GM to pay record $35 million fine over deadly ignition fails
BY MATTHEW DELUCA, NBC News
(NBC News) - General Motors has agreed to pay a record $35 million penalty for delays in reporting flaws in ignition switches that have led to at least 13 deaths, the Department of Transportation announced on Friday.
Apart from the civil penalty, the automaker has agreed to “unprecedented oversight” as a result of an investigation by the National Highway Traffic Safety Administration into the recall of 2.5 million vehicles.
The NHTSA administration said the fine is the “single highest civil penalty amount ever paid as a result of a NHTSA investigation of violations stemming from a recall.”
As part of the deal, the government “ordered GM to make significant and wide-ranging internal changes to its review of safety-related issues in the United States, and to improve its ability to take into account the possible consequences of potential safety-related defects.

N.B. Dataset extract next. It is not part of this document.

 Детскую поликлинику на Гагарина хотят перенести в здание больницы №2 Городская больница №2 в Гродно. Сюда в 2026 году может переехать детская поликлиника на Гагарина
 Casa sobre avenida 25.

“The defect resulted in the non-deployment of airbags in certain Chevrolet Cobalt and other GM models,” the DOT said in the release.

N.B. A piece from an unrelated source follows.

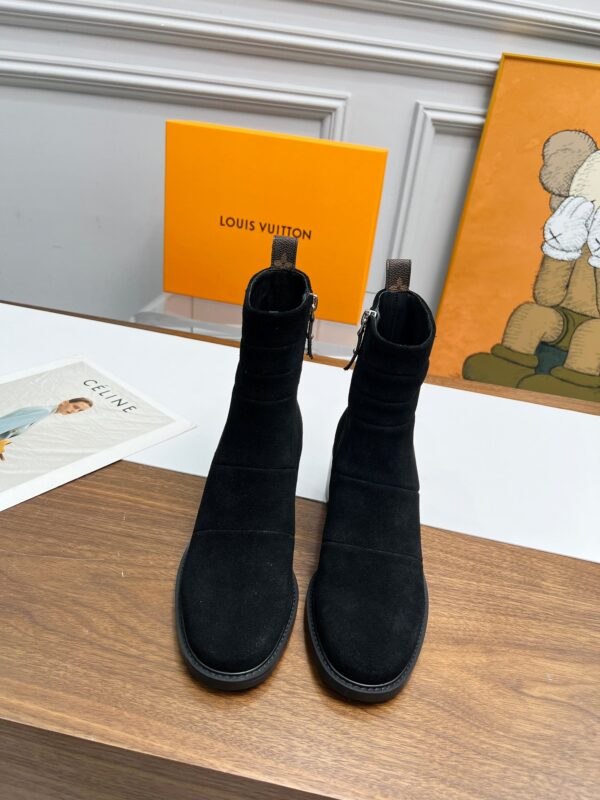 LV WOMEN’S BOOTS - Image 3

The Department of Transportation announced on Friday morning that it would make a “major announcement” regarding its investigation into how GM handled its recall of millions of vehicles.
GM confirmed in late April that it is under investigation by the Securities and Exchange Commission, Justice Department, and U.S. Attorney’s Office in New York, in connection with the ignition switch recall.
A press release from GM on Friday said that the company will have enough replacement parts by October to fix the “majority” of the vehicles recalled for flawed ignition switches and ignition cylinders.
On Thursday, the company announced that was issuing five recalls covering 2.7 million vehicles in the U.S. The recalls included one for more than 2.4 million vehicles, and was connected to malfunctioning taillamps, according to a GM statement.
“We have redoubled our efforts to expedite and resolve current reviews inprocess and also have identified and analyzed recent vehicle issues which require action,” Jeff Boyer, GM’s vice president of global vehicle safety, said in a statement. “These are examples of our focus to surface issues quickly and promptly take necessary actions in the best interests of our customers.”